GoIndieNow Presents is an occasional column featuring the third Plotaholics, Joe Compton. In these columns, Joe will discuss that state of indie film and offer suggestions for worthwhile media to consume in that market. This iteration of GoIndieNow Presents is a three-part exploration of 2020’s indie film landscape.

Hello, Plotaholics faithful. Joe Compton (the third Plotaholic) here.

Let’s be honest: 2020 sucked. Who knows what all of it means as far as 2021 goes, especially when it comes to Independent Film, which is something I cover over at Go Indie Now. But as for now, I am here to continue discussing the best in indie film from 2020.

Today, we kick off my Top 10 list with entries 10-6.

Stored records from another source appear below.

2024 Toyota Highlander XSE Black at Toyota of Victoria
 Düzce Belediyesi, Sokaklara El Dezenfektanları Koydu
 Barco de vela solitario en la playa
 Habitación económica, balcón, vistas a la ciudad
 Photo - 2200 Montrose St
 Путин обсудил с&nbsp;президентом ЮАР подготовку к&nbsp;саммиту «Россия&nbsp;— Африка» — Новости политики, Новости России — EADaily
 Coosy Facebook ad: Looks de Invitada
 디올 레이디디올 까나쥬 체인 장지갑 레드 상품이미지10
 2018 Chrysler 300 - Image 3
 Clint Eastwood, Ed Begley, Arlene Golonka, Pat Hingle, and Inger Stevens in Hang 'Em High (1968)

SYNOPSIS: From 1984 to 2019, filmmaker Lynne Sachs shot film, videotape and digital images with her father, Ira Sachs, a bohemian businessman from Park City. This film is her attempt to understand the web that connects a child to her parent and a sister to eight siblings, some of whom she has known all of her life, others she only recently discovered. With a nod to the Cubist renderings of a face, her film offers sometimes contradictory views of one seemingly unknowable man who is always there, public, in the center of the frame, yet somehow ensconced in secrets.

WHAT THIS FILM DOES WELL: Lynne is a legend, and her style and abilities are at the top of the list in terms of Documentarians and their storytelling styles, but this one is so different. It is almost by nature that this has to be presented as it is, but it serves as a triumph and not a crutch or gimmick. There is no avoiding the fact that not every shot was composed and lit or mic’ ed properly. Yet, in true Lynne Sachs form, she weaves such an intricate and intimate narrative that twists and turns with the best of them. You almost expect there might have been some prior planned composition to those “home movie” shots.

It is also striking because the one being most affected in and throughout is her and her family. So, in a weird and interesting way, this film that starts looking into a family patriarch becomes a character-driven, dilemma story that interweaves the documenter with the subject matter and creates a mystery cloaked in a soap opera-type drama. The fun aspects are the ratio and framing of a lot of raw footage that gets shot over time on many different devices and how it enhances the experiences of the narrative–a skill set that editor Rebecca Shapass clearly possesses in spades.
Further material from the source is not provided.